Respiratory Care · Uncategorized

Pharmacology in Respiratory Therapy

Respiratory therapy drugs are strictly used to only target the lungs and airways. To avoid unnecessary side effects, drugs targeting the respiratory system are inhaled instead of being directly injected into the bloodstream through IV, or orally by a pill. Many different pharmacological agents are used in respiratory care, but I will concentrate on the ones used most often- bronchodilators, mucolytics, and corticosteroids.

Bronchodilators are the most frequently inhaled medications for treating COPD and asthma1. They are divided into two groups; adrenergic (sympathomimetic) and anticholinergic (parasympatholytic), as well as short or long acting. The adrenergic bronchodilators stimulate the sympathetic nervous system and cause bronchodilation, while anticholinergic bronchodilators cause dilation by blocking the receptor for acetylcholine, the neurotransmitter in the parasympathetic nervous system. Short acting drugs have a duration of approximately 4-6 hours, whereas long-acting drugs last about 12 hours. The onset of action for long-acting drugs is longer than 20 minutes with peak flow improvement in about 3-4 hours; therefore it would not be used for an immediate relief.
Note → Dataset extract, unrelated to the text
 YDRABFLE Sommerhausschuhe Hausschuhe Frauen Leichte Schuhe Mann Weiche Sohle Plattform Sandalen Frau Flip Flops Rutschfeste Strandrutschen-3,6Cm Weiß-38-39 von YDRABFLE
Short-acting adrenergic bronchodilators such as albuterol and levalbuterol are indicated for relief of acute reversible airflow obstruction in an obstructive disease such as asthma2. For maintenance of bronchodilation and daily control of bronchospasm, a patient with COPD would inhale long-acting agents such as salmeterol, formoterol, and arfomortelor2. Epinephrine, an-ultra short-acting catecholamine (a sub-class of adrenergic bronchodilators) may also be used to relax the airway smooth muscles. Anticholinergic bronchodilators are another way of producing airway relaxation and relief from shortness of breath. A peak flow meter is used to monitor the peak expiratory flow (PEF) before and after bronchodilator therapy to gauge the effectiveness of the therapy.

N-acetyl-cysteine (NAC) and dornase alfa are considered mucolytics and are used to reduce mucous viscosity and improve mucociliary clearance. Mucoactive drug therapy can be used with aerosol nebulizers and its effectiveness is assessed by the patient’s airflow changes and FEV1, breathing pattern, rate, and subjective reaction. Indication of mucous controlling agents would include patients with diseases such as COPD, acute tracheobronchitis, and bronchiectasis. Another way we use NAC daily would be to treat or prevent liver damage that can occur when a patient takes an overdose of acetaminophen. NAC can be very irritable to the airways and can produce bronchospasm. It is recommended to use 10% rather than 20% solution and pre-treat with a bronchodilator to reduce the appearance of bronchospasm.

Inhaled glucocorticoids/corticosteroids are used for patients with asthma and severe COPD. Corticosteroids are different from bronchodilators mainly because they are controller agents and do not provide immediate relief; full anti-inflammatory effects require hours to days to be felt by the patient2.

Respiratory therapists use many more drugs and inhalers to administer therapy. Aerosol therapy has many modes of action and therapy is selected depending on the patient’s needs. Every drug class has different side effects that should be looked at closely to make sure the patient is benefiting from the therapy.

 

 

 

  1. Prescribing inhaled bronchodilators and inhaler devices.(2015). Nurse Prescribing, 13(9), 438-445 6p.
  2. Kacmrek, R. M., Stroller, J. K., & Heuer, A. J. (2013). History of respiratory care. In Robert Kacmrek, James Stroller, Albert Heuer (Ed.). United States: Elsevier Inc.